Concessionária de energia elétrica pode negar troca de titularidade por débitos anteriores?

Pela minha experiência, atuando como advogada assessorando imobiliárias, posso dizer que existem dois principais problemas enfrentandos nesse sentido:

A primeira questão é quando o locatário entra no imóvel com a luz ligada, e não efetua a troca de titularidade, utilizando o serviço e mantendo a titularidade em nome do locador, sendo que a falta ou atraso no pagamento pode gerar consequencias ao locador, que é o titular. Uma dúvida que costuma surgir nesses casos: o locador pode pedir para desligar a energia, já que está em seu nome?

É ilícita a solicitação de desligamento da energia elétrica feita pelo locador, podendo inclusive gerar danos morais e materiais, existindo inclusive diversos julgados nesse sentido.

Mas como devo prosseguir nesse caso?

O ideal é que no contrato de locação exista uma cláusula obrigando o locatário a efetuar a troca de titularidade em um determinado prazo sob pena de aplicação de multa diária. Veja abaixo um modelo dessa cláusula:

“No prazo de até 07 (sete) dias contados da assinatura deste CONTRATO, o LOCATÁRIO deverá promover a transferência de titularidade da conta de luz para o seu nome, efetuando, em sendo o caso, a nova ligação/religação/reativação, sob pena de multa diária de R$50,00 (cinquenta reais).”

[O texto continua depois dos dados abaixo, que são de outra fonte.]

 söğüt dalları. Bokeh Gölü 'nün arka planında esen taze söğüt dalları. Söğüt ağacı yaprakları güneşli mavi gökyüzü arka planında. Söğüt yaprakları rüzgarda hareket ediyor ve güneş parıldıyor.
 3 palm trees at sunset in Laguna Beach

Também podemos acrescentar uma cláusula do locatário outorgando poderes específico ao locador/imobiliária para promover a alteração da titularidade:

O LOCATÁRIO, nomeia o locador/imobiliária, como seu procurador, outorgando-lhe poderes específicos para, promover a alteração da titularidade dos contratos junto à Companhia Elétrica, correspondente ao referido imóvel objeto deste contrato, a fim de que conste o nome dele, LOCATARIO, nas respectivas faturas, a partir da data do início do contrato. Por ocasião do término da locação poderá também o locador/imobiliária adotar as providências necessárias para a exclusão do nome do LOCATARIO dos órgãos retro mencionados, com a rescisão dos aludidos contratos e consequentemente o desligamento do fornecimento dos serviço de energia.

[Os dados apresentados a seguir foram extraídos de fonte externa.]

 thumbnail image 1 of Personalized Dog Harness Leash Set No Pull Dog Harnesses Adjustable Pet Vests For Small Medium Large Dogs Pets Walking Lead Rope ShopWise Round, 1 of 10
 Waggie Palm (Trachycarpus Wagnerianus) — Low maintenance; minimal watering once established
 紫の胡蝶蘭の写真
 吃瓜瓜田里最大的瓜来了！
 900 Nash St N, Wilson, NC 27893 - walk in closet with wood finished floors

A outra questão que costuma gerar transtorno entre locatários e locadores é sobre o impedimento da empresa de energia elétrica na troca de titularidade alegando existir débitos do inquilino anterior.

Ao se deparar com essa questão tanto locador tanto locatário costumam entrar em desespero, visto que, o imóvel ja foi alugado e o locatário precisa de luz para morar. Por muitas vezes o proprietário ou o próprio inquilino assumem a dívida de terceiro pois não possuem conhecimento sobre o assunto.

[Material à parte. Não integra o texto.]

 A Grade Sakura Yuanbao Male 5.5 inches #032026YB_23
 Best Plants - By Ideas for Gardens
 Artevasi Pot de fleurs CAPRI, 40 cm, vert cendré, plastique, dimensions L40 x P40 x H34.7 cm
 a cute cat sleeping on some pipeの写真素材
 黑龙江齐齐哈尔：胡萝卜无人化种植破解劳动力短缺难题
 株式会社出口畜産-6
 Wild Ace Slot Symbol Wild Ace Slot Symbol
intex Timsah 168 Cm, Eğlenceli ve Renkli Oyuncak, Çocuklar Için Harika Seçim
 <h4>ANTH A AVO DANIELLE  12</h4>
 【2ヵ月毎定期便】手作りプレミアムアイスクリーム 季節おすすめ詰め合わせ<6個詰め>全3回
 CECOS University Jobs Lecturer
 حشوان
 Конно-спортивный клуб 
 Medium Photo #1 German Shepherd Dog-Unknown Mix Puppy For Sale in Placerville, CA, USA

A empresa de energia elétrica não pode condicionar a troca de titularidade ao pagamento de débito anterior de terceiro. Trata-se de uma obrigação “propter personam”, ou seja, que fica atrelado ao CPF da pessoa e não ao imóvel. Por conta disso, as empresas de energia não podem cobrar o débito de outra pessoa, que não seja a cadastrada em seu sistema no tempo em que houve a cobrança e nem condicionar a troca de titularidade ao pagamento desses débitos, existindo inclusive diversos julgados neste sentido:

TJ -MT XXXXX202081100001 MT

AÇÃO DE INDENIZAÇÃO. RELIGAÇÃO CONDICIONADA AO PAGAMENTO DO DÉBITO DE PRETÉRITO EM NOME DE TERCEIRO. ILEGALIDADE. OBRIGAÇÃO PROPTER PERSONAE. DANOS MORAIS CONFIGURADOS. QUANTUM INDENIZATÓRIO QUE NÃO COMPORTA REDUÇÃO. RESTITUIÇÃO DOS VALORES PAGOS PELA COMPRA DE ÁGUA. RECURSOS CONHECIDO DESPROVIDO. 1. O Superior Tribunal de Justiça já firmou entendimento que a obrigação pelo pagamento de contas de consumo de água possui natureza pessoal, não se caracterizando como obrigação de natureza protem em (AREs XXXXX/MG, Rel. Ministro BENEDITO GONÇALVES, PRIMEIRA TURMA, julgado em 05/12/2019, DJe 10/12/2019), 2. Restou comprovado nos autos que os débitos objurgados se referem a uma dívida deixada por terceiro (Sr. Meri Rodrigues Alves), antigo usuário da UC em questão. Com efeito, o reclamante juntou print da conversa realizada no aplicativo de conversa, não impugnado devidamente pela Concessionária, em que há a exigência de quitação do débito para religação da unidade consumidora. 3. Configurada está a falha na prestação do servico, em razão da exigência de quitação de débitos de terceiro para religar a unidade consumidora. 4. A negativa de troca de titularidade e religação dos serviços de água e esgoto por débitos pretéritos configura dano moral in re ipsa, ou seja, e presumido e não carece de prova da existência do prejuizo para surgir a obrigação de indenizar. 5. Responsabilidade objetiva quanto ao dano causado ao consumidor, nos termos do artigo 14 do CDC. 6. Conduta ilícita que enseja compensação por danos morais. 7. Quantum indenizatório majorado para R$5,000,00 (cinco mil reais). 7. Danos materiais devidos a partir do momento em que o reclamante teve a negativa da concessionária reclamada. 8. Recurso conhecido e desprovido.